### WHAT NEEDS TO BE DONE
The required output is every line from the one containing "Poster Sex and" through the last line of the listing below, copied exactly, pictures excluded.

### SOURCE DATA
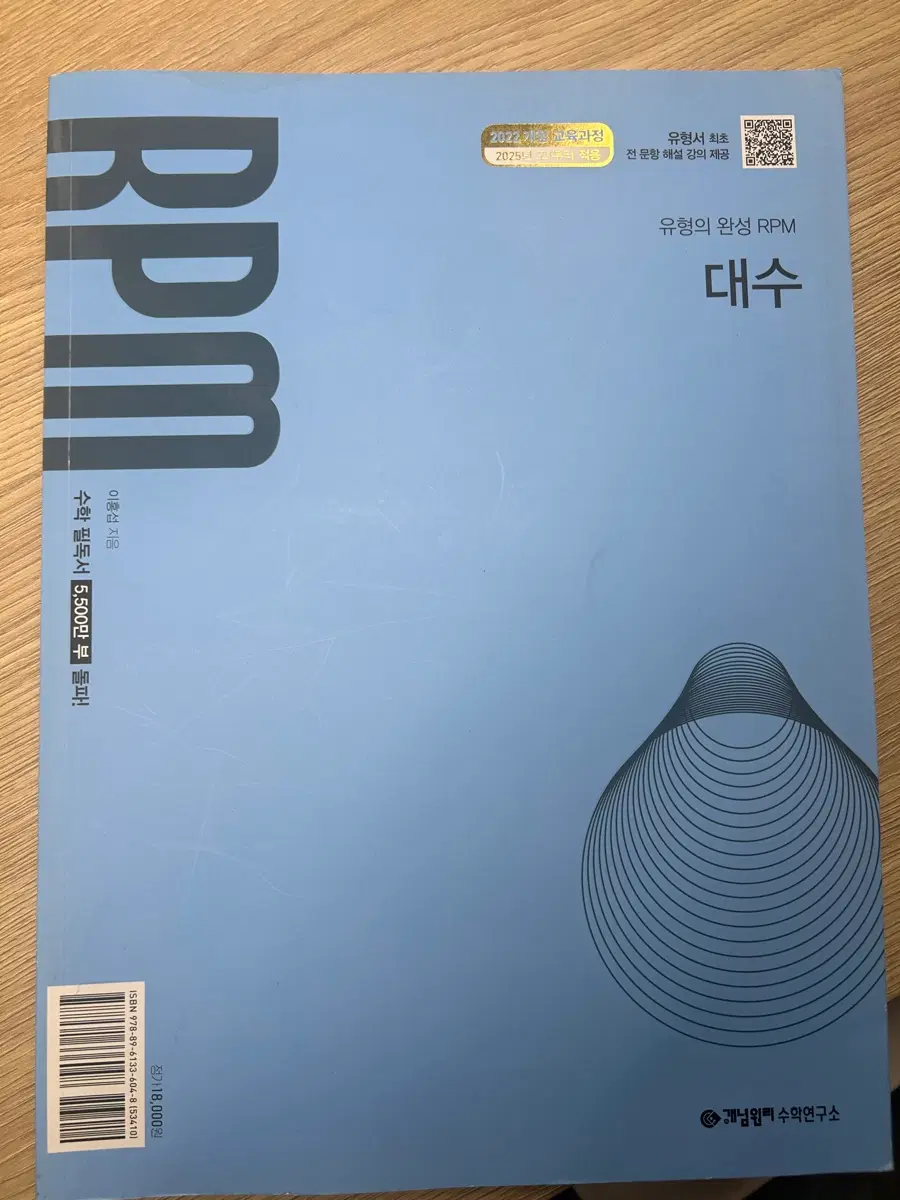 고2 [대수] RPM (새상품)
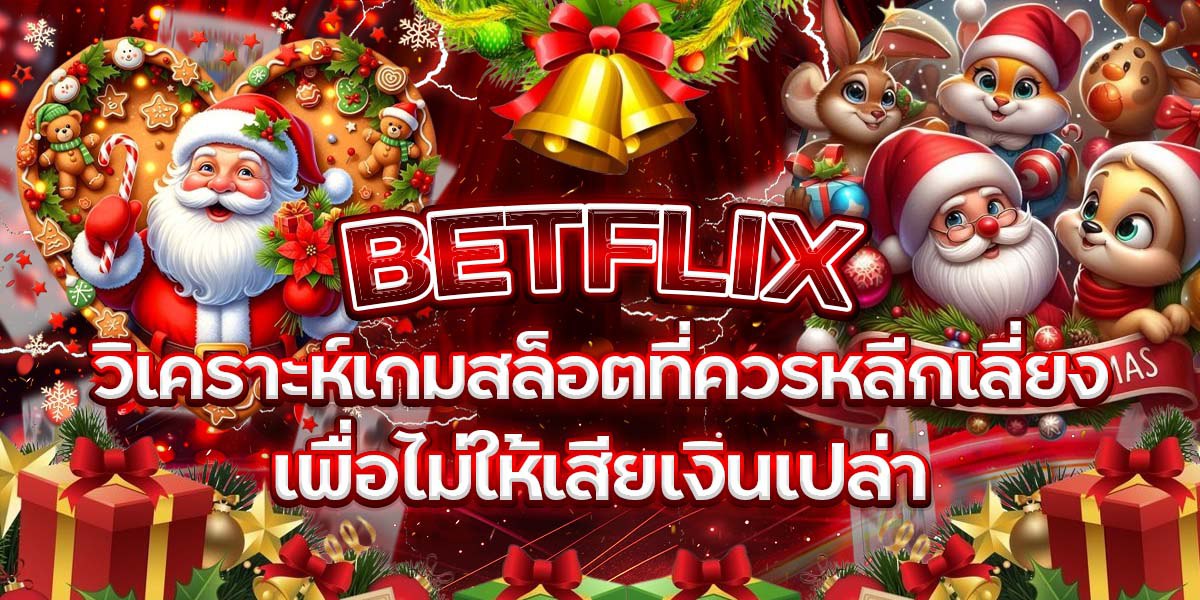BETFLIX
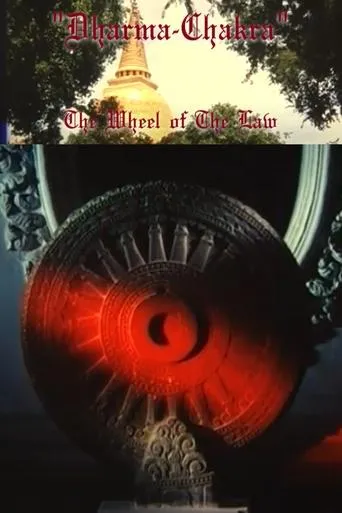 Dharma Chakra: The Wheel of the Law movie poster - Entertainment content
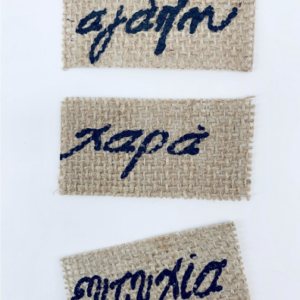 RNΥ125 | ΤΙΜΗ ΣΥΣΚΕΥΑΣΙΑΣ 30 ΤΜΧ | ΤΑΜΠΕΛΑΚΙΑ ΛΙΝΑΤΣΑΣ ΜΕ ΕΥΧΕΣ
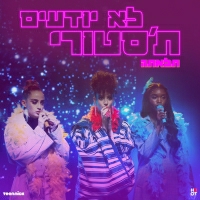 תלאתה - לא יודעים ת'סטורי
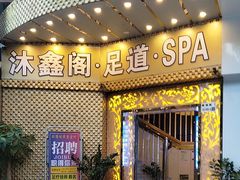 -沐鑫阁·影院足道·按摩 SPA (新洲店)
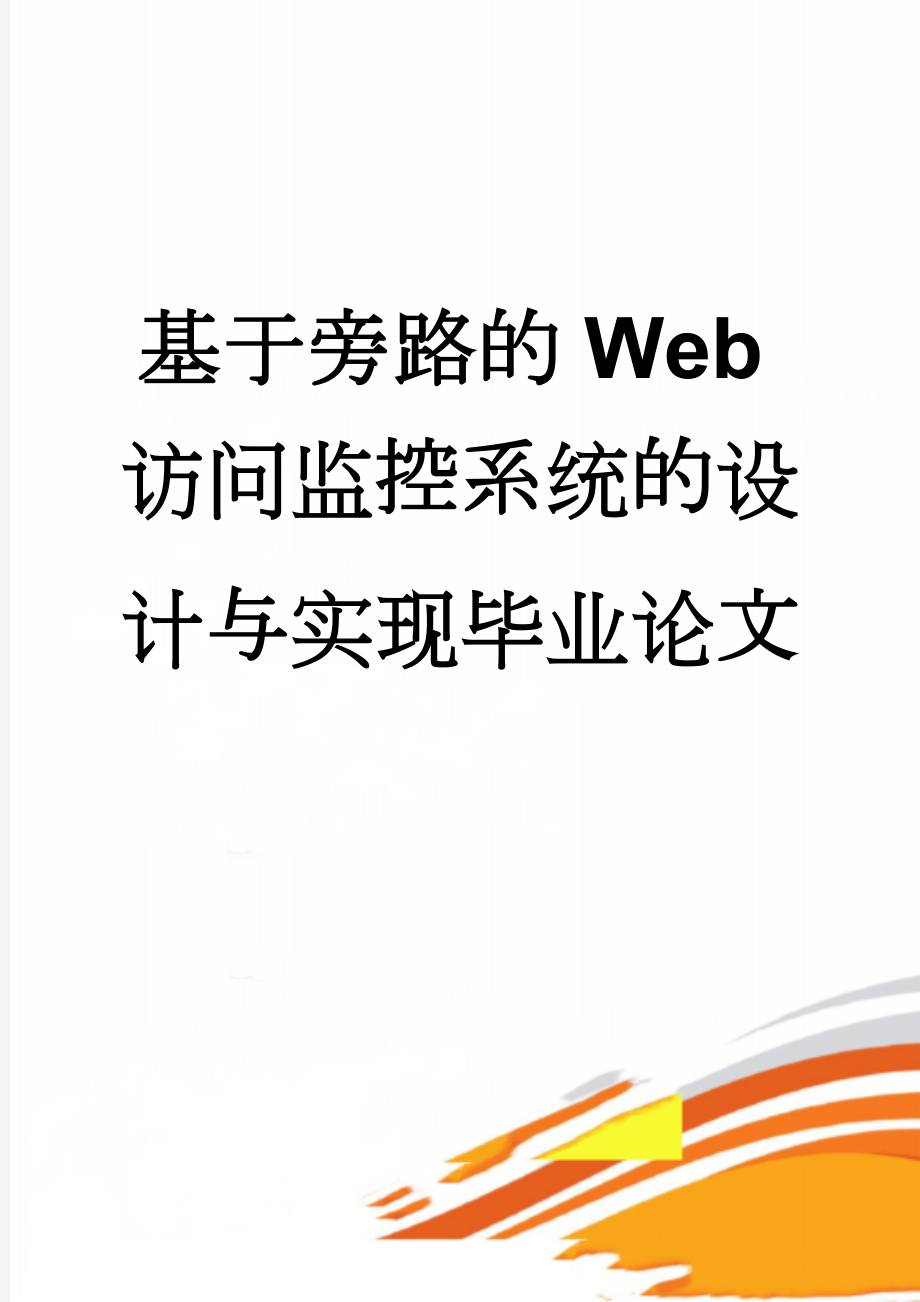 基于旁路的Web访问监控系统的设计与实现毕业论文(45页).doc_第1页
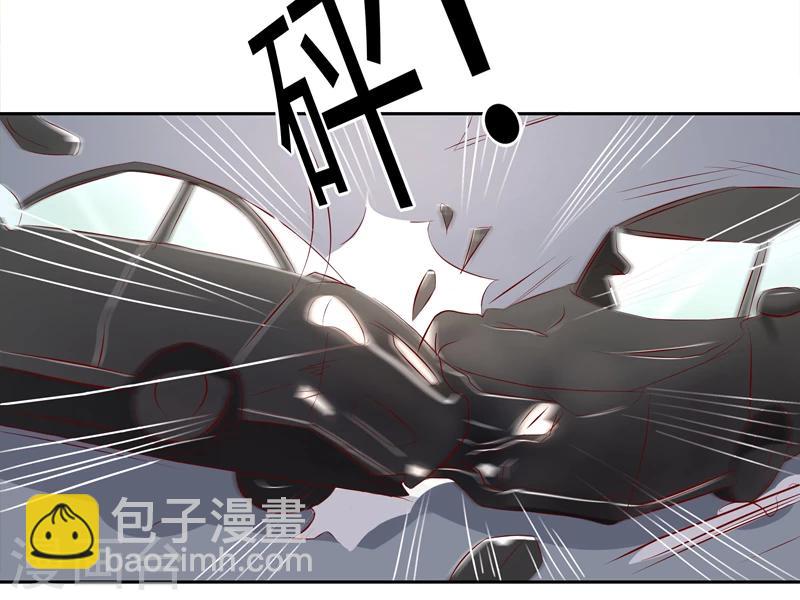 《你是我戒不掉的瘾》第8话 第29页
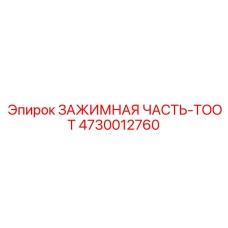 Интеллектуальная зажимная часть 4730012760 Epiroc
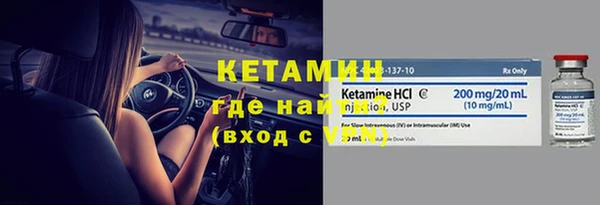 мяу мяу мука Горнозаводск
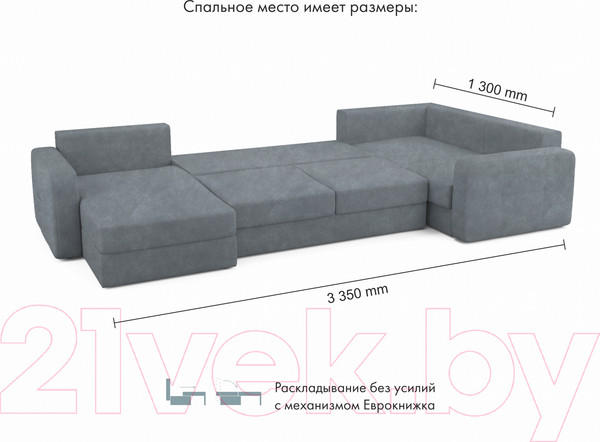 Изображение товара Диван П-образный Mio Tesoro Aurora компл.3 левый (Kashemir 974 серый)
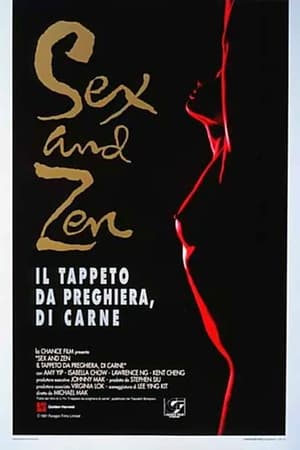 Poster Sex and Zen - Il tappeto da preghiera di carne 1991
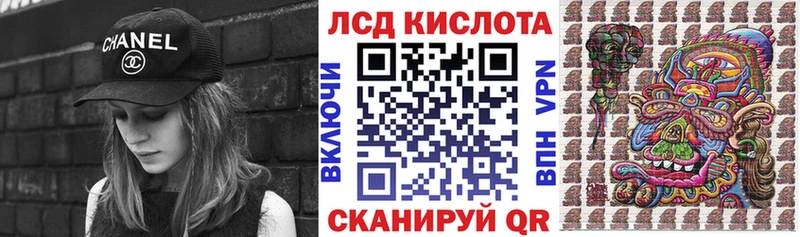 Марки N-bome 1,5мг  Купить где  Анапа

### WRITTEN RESPONSE
 Poster Sex and Zen - Il tappeto da preghiera di carne 1991
 Марки N-bome 1,5мг  Купить где  Анапа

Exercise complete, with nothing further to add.